Goblin Slayer plaira aux rôlistes puisqu’il s’agit principalement d’exploration de donjons fortement influencée par l’univers créé par Gary Gygax et Dave Arneson. La présence d’un Tyrannoeil dans l’épisode 8 fera réagir n’importe quel fan de D&D par exemple. Le « Crève-Gobelins » ne reste pas seul longtemps et il forme rapidement un groupe dans la grande tradition des jeux de rôles : une prêtresse pour les soins, une elfe avec un nain pour les prises de becs et un homme-lézard pour apporter un peu d’exotisme. Le parti-pris de ne pas donner de noms aux personnages renvoie encore une fois aux jeux de rôle où la classe (guerrier, prêtre, mage…) caractérise davantage les différents protagonistes que le nom en lui-même. La passion du genre se ressent, mais ce n’est pas suffisant pour espérer remplacer Berserk dans le cœur des fans.
L’Homme au masque de fer
Les personnages secondaires peinent à exister et comme ces newbies anonymes massacrés lors du tout premier épisode, on ne ressent rien pour la plupart d’entre eux. En effet, ils sont uniquement caractérisés par leur archétype du jeu de rôle. La série ressemble alors davantage à de l’heroic fantasy banale, tendance hack‘n’slash. Autrement dit, c’est comme si vous pensiez jouer à Baldur’s Gate et que vous vous retrouviez devant Icewind Dale. Les intentions de départ paraissent alors bien éloignées. Pendant ce temps, le héros Crève-Gobelins est au centre des attentions. On est en droit de se demander ce que les personnages féminins trouvent à quelqu’un d’aussi taciturne et qui, de surcroît, n’enlève jamais son armure (même pour manger !).

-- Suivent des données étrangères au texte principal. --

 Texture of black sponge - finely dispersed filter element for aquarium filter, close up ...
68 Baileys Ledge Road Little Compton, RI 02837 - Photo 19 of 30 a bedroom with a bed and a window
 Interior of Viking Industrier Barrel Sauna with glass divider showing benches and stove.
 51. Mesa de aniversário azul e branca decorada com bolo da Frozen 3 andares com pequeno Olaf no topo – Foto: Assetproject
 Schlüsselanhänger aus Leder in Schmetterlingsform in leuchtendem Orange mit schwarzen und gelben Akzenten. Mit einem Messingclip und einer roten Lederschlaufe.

« Orcbolg », surnom donné par l’archère, est obnubilé par l’extermination des petits démons. Cet acharnement radical fait de lui un paria à la guilde des aventuriers mais cache en réalité un traumatisme profond lié à l’enfance. En effet, il a assisté, impuissant, au massacre de sa famille par des gobelins. Il y avait matière à explorer la psyché d’un individu rongé par sa quête vengeresse. Un « punisseur » qui a laissé son humanité de côté pour se consacrer pleinement à sa tâche. Crève-Gobelins est plus le nom d’une arme que d’une personne. L’auteur évoque en substance l’aspect meurtrier du personnage (la mise à mort des enfants gobelins du premier épisode notamment) pour vite changer son fusil d’épaule. Il s’oriente alors vers un chemin plus politiquement correct : celui de la reconquête de son humanité grâce à ses compagnons de voyage.

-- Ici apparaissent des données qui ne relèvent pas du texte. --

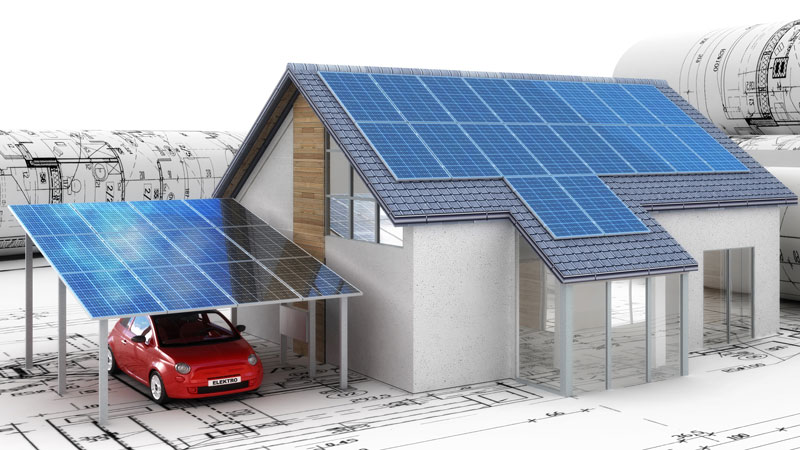 Modell eines Einfamilienhauses mit Solardach und SOlar-Carport auf Bauplänen.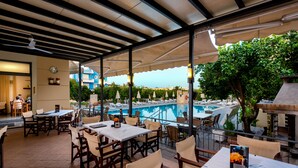 Un área de comedor al aire libre con mesas y sillas, una piscina y vistas a un edificio azul en el fondo.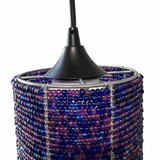 Pendant light shade woven from small blue and purple beads forming a cylindrical shape, suspended by a black cord and black metal frame.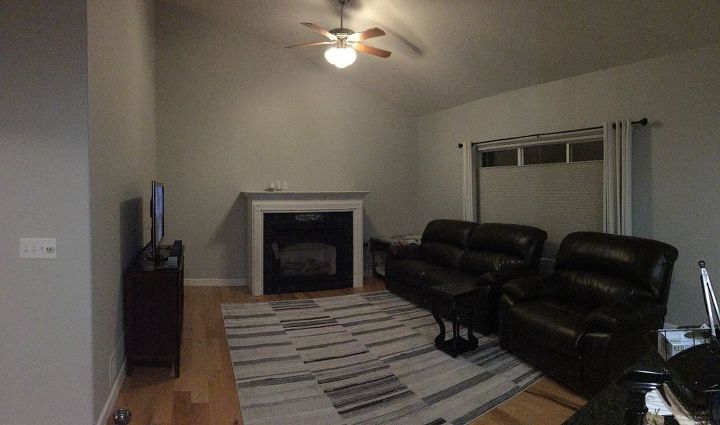 q need advice on how to decorate walls that have a high angled ceiling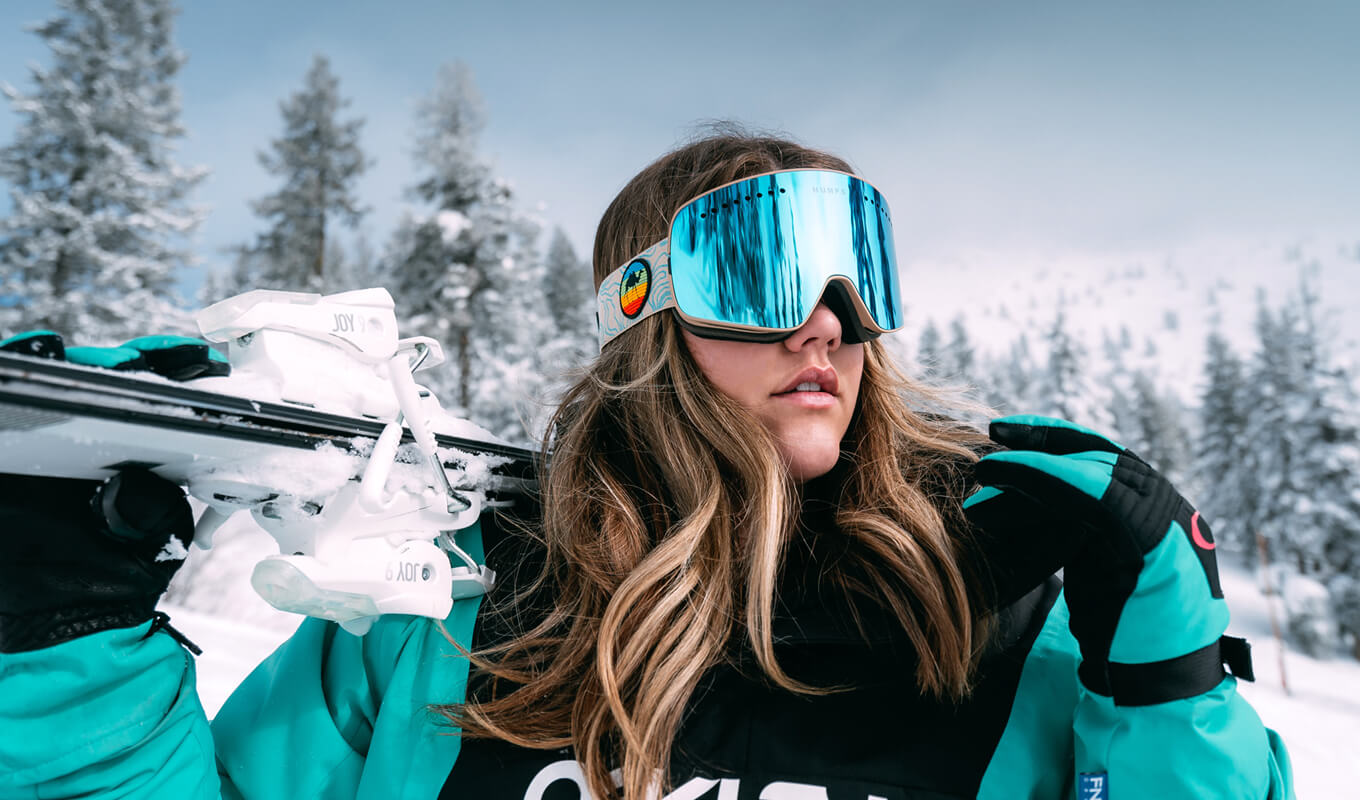 Woman wearing a black and teal jacket and snow boarding goggles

Cette adaptation est réalisée par Takaharu Ozaki (Girls’ Last Tour) pour le studio White Fox (Red Eyes Sword). L’animé couvre quasiment les six tomes du manga sortis ce jour (dont trois en France pour l’instant). En dépit d’une réalisation moyenne (animation minimaliste, chara design en deçà du manga), le fait d’inclure l’attaque du village du troisième tome à la fin de la série est une bonne idée. La séquence de recrutement d’aventuriers façon 13ème Guerrier de l’épisode 11 est sûrement la plus forte de la série. « Tranche barbe », surnom donné par le shaman nain, se métamorphose en leader, bien loin du guerrier mutique des débuts. Il n’est plus question de nettoyer une grotte, mais de protéger le village où vit son ami d’enfance. L’affrontement qui s’ensuit contre l’armée de gobelins fait office de climax convaincant et permet de terminer sur une note positive.
La compétition avec Berserk n’aura en réalité jamais lieu. Les deux séries ne jouent pas dans la même catégorie. Dès le deuxième épisode, nous pouvons le conclure. En puisant ses influences dans l’œuvre de Miura (Guts y fait même un caméo) et dans bien d’autres œuvres du genre, Goblin Slayer devrait toutefois plaire aux aficionados.
Les 12 épisodes sont disponibles sur Wakanim.